Wednesday, July 22, 2009

ANGRY FLOGGING SPINNAKER

Matuku to Frigates Pass, 110 miles
Position is just north of Kadavu Island
This morning Josh, Jacques and myself hiked up one of the hills behind our anchorage, we were accompanied by two locals from the village who bushwacked the path and picked thirst quenching coconuts. The view from the top was breathtaking, on the one side you see shimmi anchored inside the remains of the volcano caldera, on the other side is a coral filled turquoise lagoon, fringed by white water and a deep blue ocean.

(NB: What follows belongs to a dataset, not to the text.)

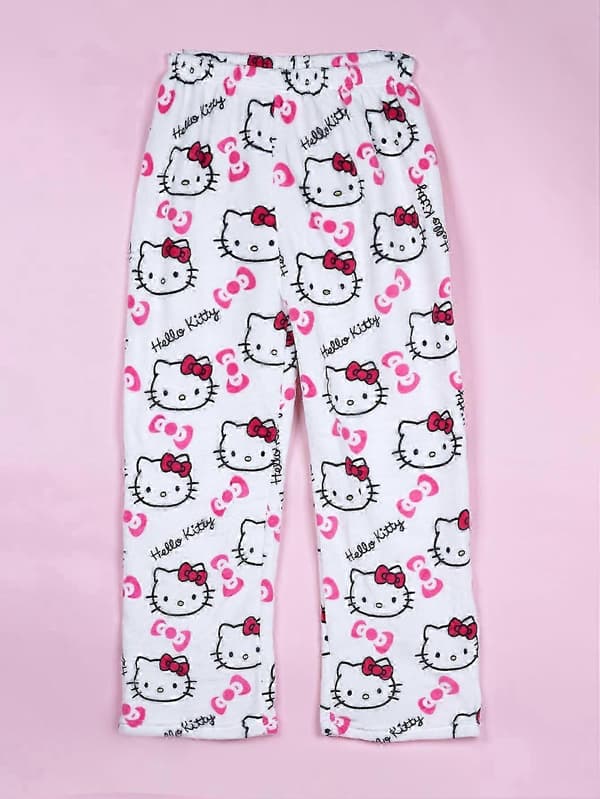 Hello Kitty kat efterår og vinter flannel bløde, klistrede, varme lange pyjamasbukser til damer og mænd efterår og Y1-H M 37-47KG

But now we are once again in the middle of the big blue. And its rough and nasty once again. We left Matuku on a virtually dead downwind spinnaker run. Fun and exciting to start with, but by 8pm the wind was exceeding 20 knots. By 9pm the spinnaker was virtually being over powered in 25 - 30 knots of wind. Its a fucked up situation. The wind is too strong now to snuff the spinnaker, but of course we try, both engines are full tilt to lower the apparent wind, but the sock wont move more than a meter down the sail. We aim shimmi more into the wind, hoping to snuff it as the wind spills... but the damn thing just back fills, flogging like only an angry spinnaker can flog. I expect it to blow in half any second. Then suddenly the spinnaker folds on itself and I manage to yank the snuffer down. This is done with me lying on my back on the trampoline, head torch on my head, pitch dark in a heaving ocean, screaming orders to Jacques on the wheel and Chantal on the spinnaker sheet. Thank Faaark. Its back in the bag. For a few seconds Chantal, Jacques and I just stare at the spinnaker sock, hanging limply from the top of the mast, showing no sign of the dangerous beast it contains. My hands are raw and I am half soaked. I apologize to Jacques and Chantal for swearing and shouting. Sometimes I just hate this job.

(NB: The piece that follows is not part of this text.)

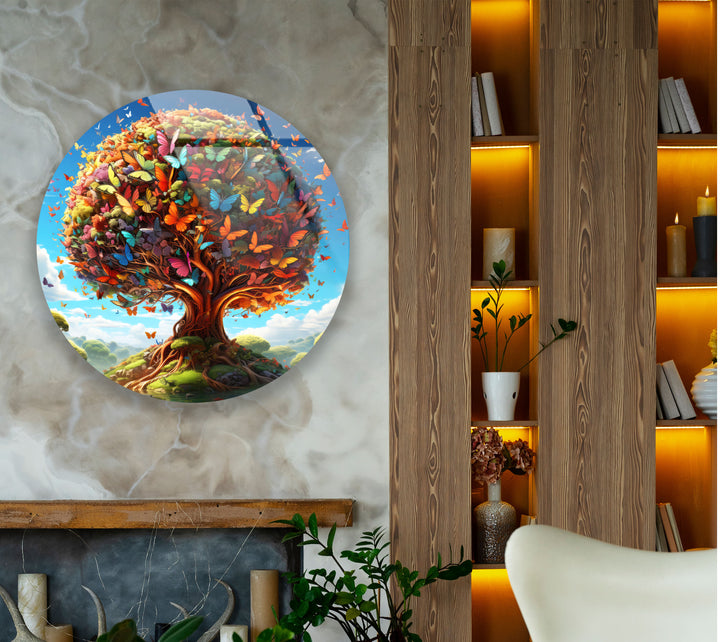 Butterfly Tree of Life Round Glass Wall Art – Vibrant Nature Decor for Living Room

So, now we are motoring, despite the fact that we have 25 knots of wind straight up the bum. There are a few reasons for this: 1. We are crap sailors; 2. We cannot "head up" to make it more of a reach as Astrolabe Reef is too close off our starboard bow; 3. We are only 5o miles from our destination; 4. Its is dark; 5. I am tired; 6. We have lots of diesel.

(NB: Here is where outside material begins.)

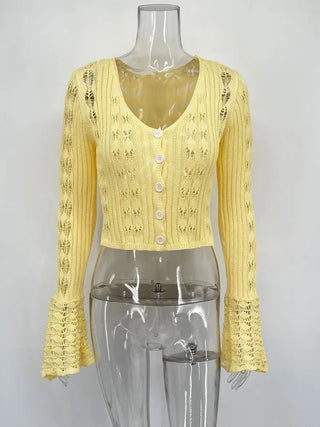 V - Neck Sheer Knit Crop Top - Diva Melody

Elsewhere on shimmi... Liz watched a cartoon on the dvd player, Josh made a scuba tank out of an empty juice bottle, Indie is not feeling well, Chantal got some food into our tummies, Jacques pulled in Mahi-mahi with the hand line whilst shimmi was hurtling forward at 9 knots. It came off 20m from the back of the boat. That Mahi probably feels just like us after our spinnaker experience: Happy to be alive but sore all over.
Tomorrow morning we should be at Beqa Island, near Frigates Pass, which is one of Fiji's well known waves. We are working hard for the money.